◆ WORK INSTRUCTIONS
While copying the entries exactly, leave out each picture they contain.

Scraped caption text data:
——————
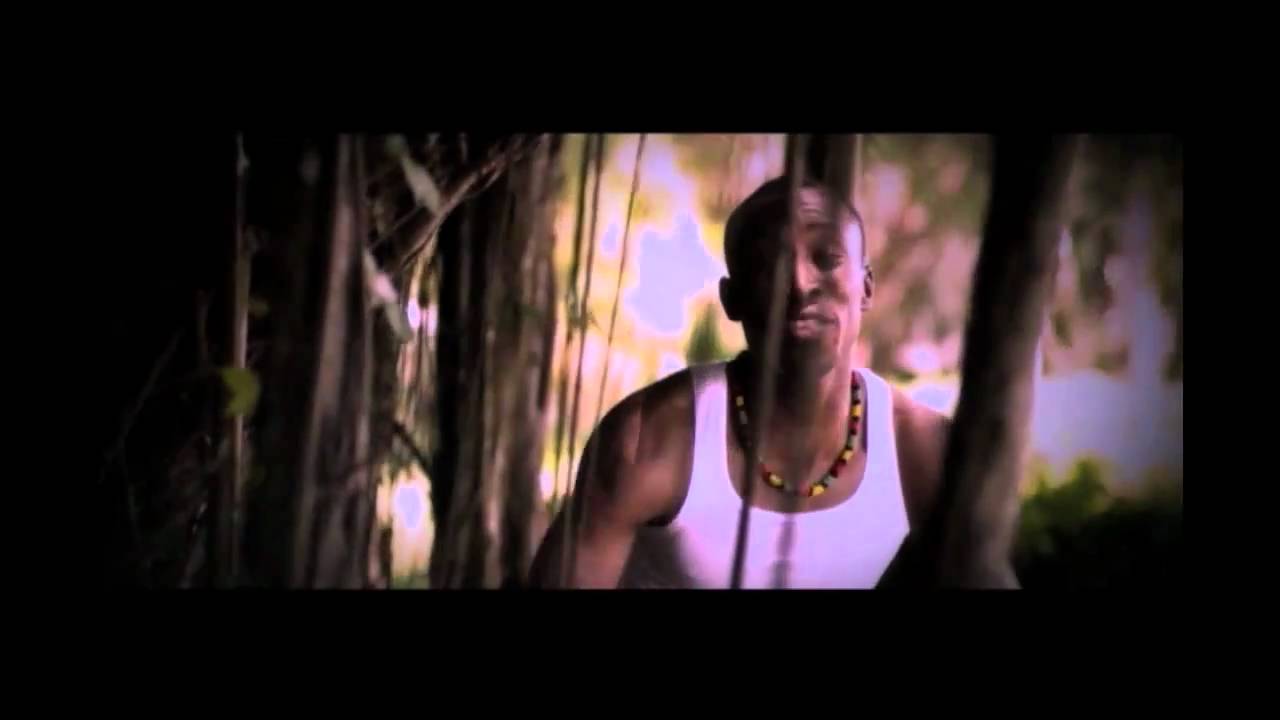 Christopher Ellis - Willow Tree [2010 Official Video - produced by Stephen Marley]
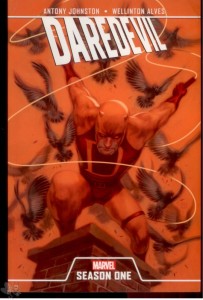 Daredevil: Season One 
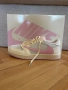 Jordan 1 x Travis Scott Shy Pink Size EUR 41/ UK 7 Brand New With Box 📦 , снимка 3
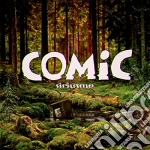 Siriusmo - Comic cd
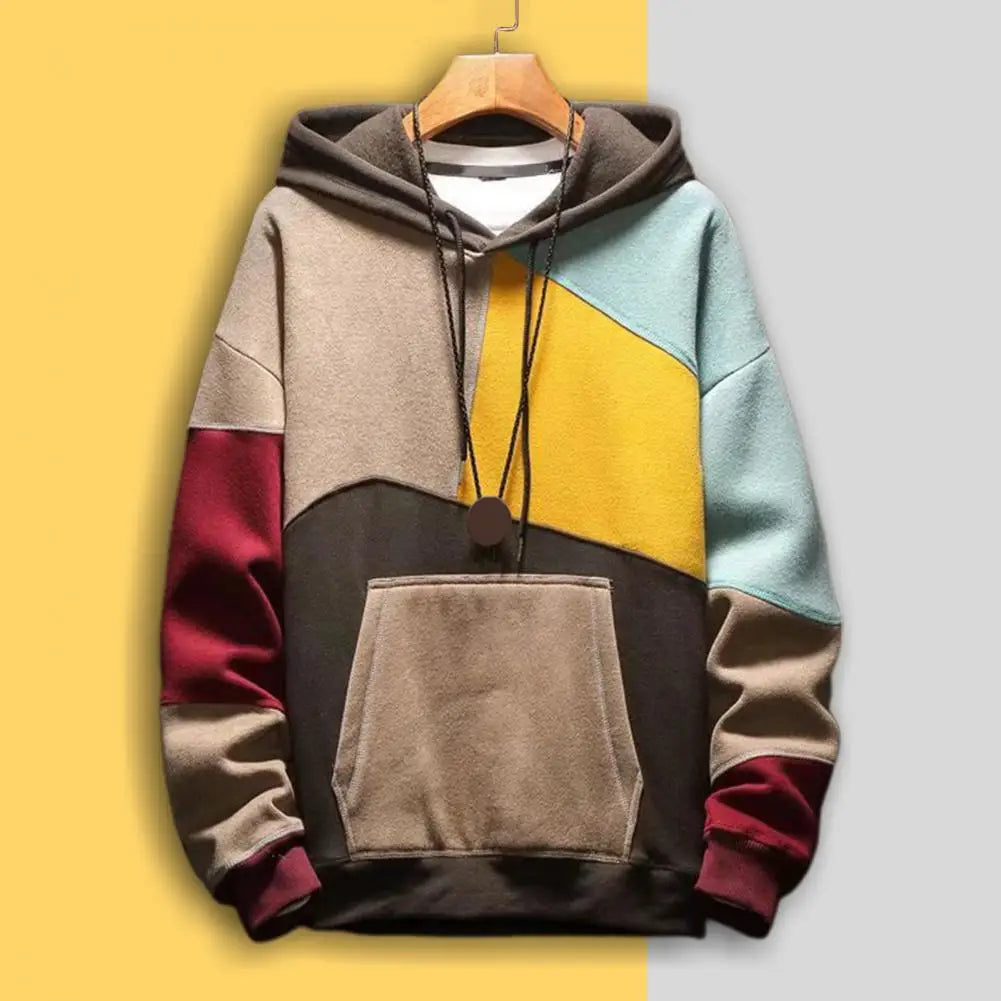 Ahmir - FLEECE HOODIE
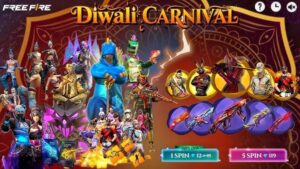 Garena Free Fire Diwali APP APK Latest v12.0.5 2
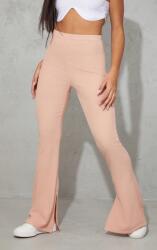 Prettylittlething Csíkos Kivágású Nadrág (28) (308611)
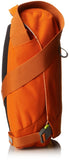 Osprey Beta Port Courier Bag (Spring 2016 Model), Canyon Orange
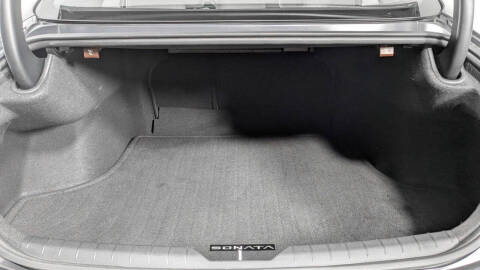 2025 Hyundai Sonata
——————
◆ YOUR RESPONSE
 Christopher Ellis - Willow Tree [2010 Official Video - produced by Stephen Marley]
 Daredevil: Season One 
 Jordan 1 x Travis Scott Shy Pink Size EUR 41/ UK 7 Brand New With Box 📦 , снимка 3
 Siriusmo - Comic cd
 Ahmir - FLEECE HOODIE
 Garena Free Fire Diwali APP APK Latest v12.0.5 2
 Prettylittlething Csíkos Kivágású Nadrág (28) (308611)
 Osprey Beta Port Courier Bag (Spring 2016 Model), Canyon Orange
 2025 Hyundai Sonata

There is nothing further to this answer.